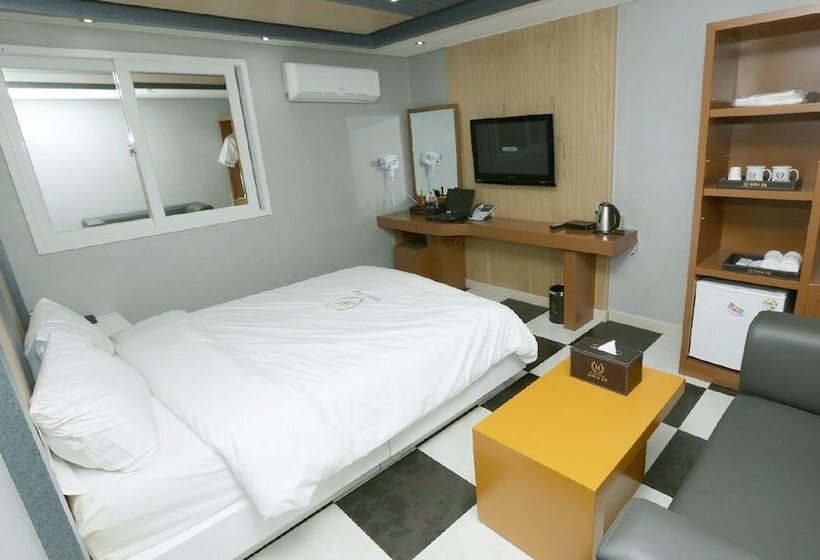 בית מלון כפרי Havana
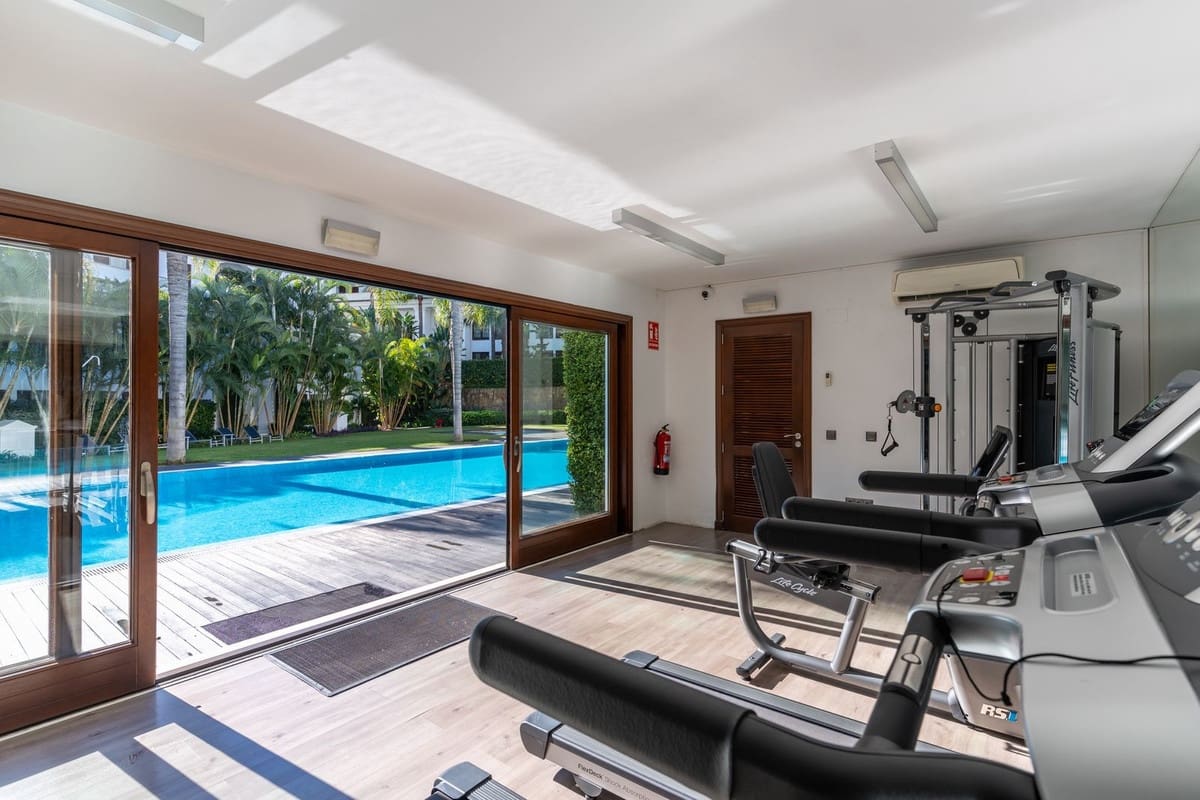 2 sovrum Lägenhet till salu i Estepona med garage - 1 300 000 € (Ref: 9524872)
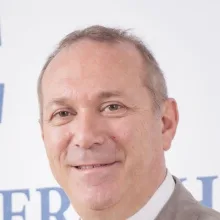 Op. Dr. Mahir Kenduşim — Göz Hastalıkları. Portre fotoğrafı.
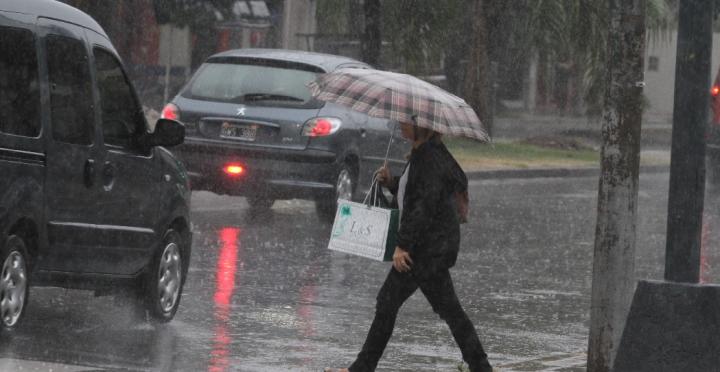 Rige un alerta por fuerte tormentas para Santo Tomé y la zona 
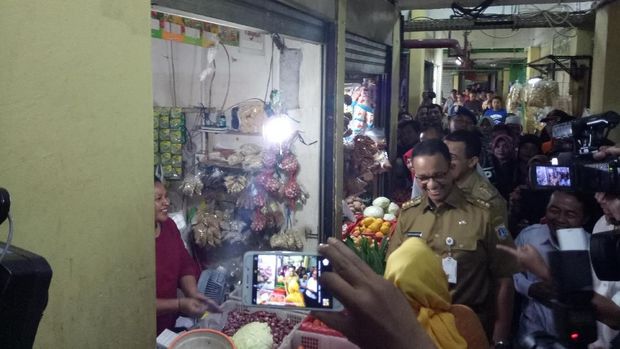 Anies memastikan harga sembako di Pasar Kramat Jati stabil.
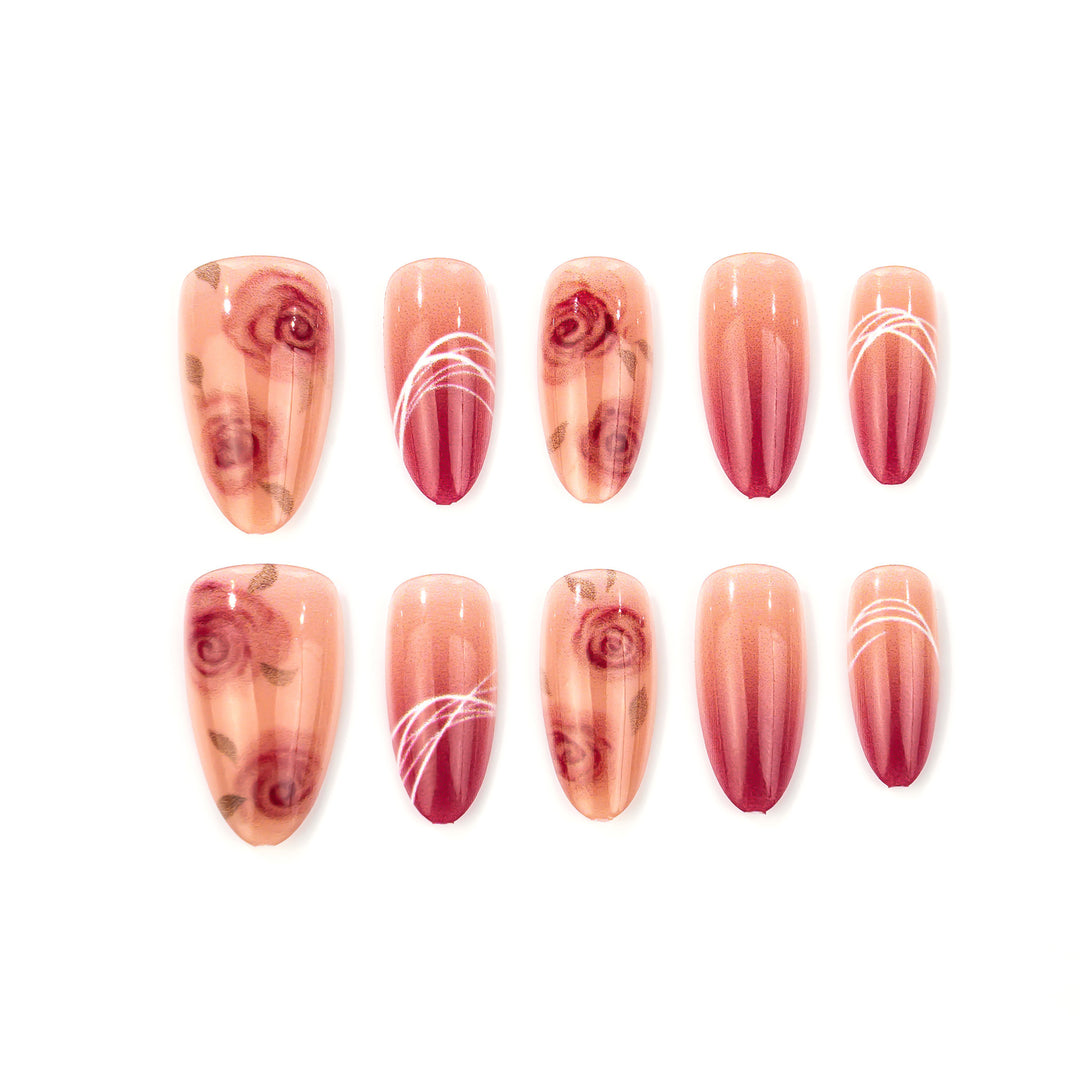 Elegante Blumenmuster-Press-On-Nagelkunst Karnz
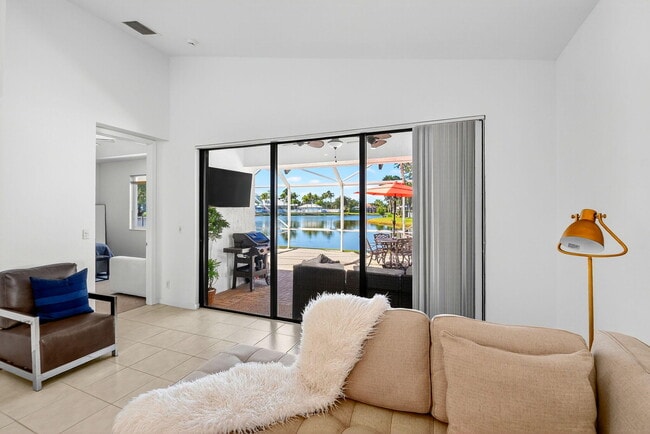 Building Photo - 2245 Sapphire Cir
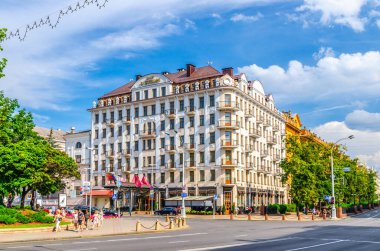 Minsk 'teki Freedom Svabody Meydanı' nda Avrupa Oteli modern tarz bina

____

▶ _Work instructions_: Reproduce each line above precisely, with no pictures.

▶ _Response to this exercise_:
 בית מלון כפרי Havana
 2 sovrum Lägenhet till salu i Estepona med garage - 1 300 000 € (Ref: 9524872)
 Op. Dr. Mahir Kenduşim — Göz Hastalıkları. Portre fotoğrafı.
 Rige un alerta por fuerte tormentas para Santo Tomé y la zona 
 Anies memastikan harga sembako di Pasar Kramat Jati stabil.
 Elegante Blumenmuster-Press-On-Nagelkunst Karnz
 Building Photo - 2245 Sapphire Cir
 Minsk 'teki Freedom Svabody Meydanı' nda Avrupa Oteli modern tarz bina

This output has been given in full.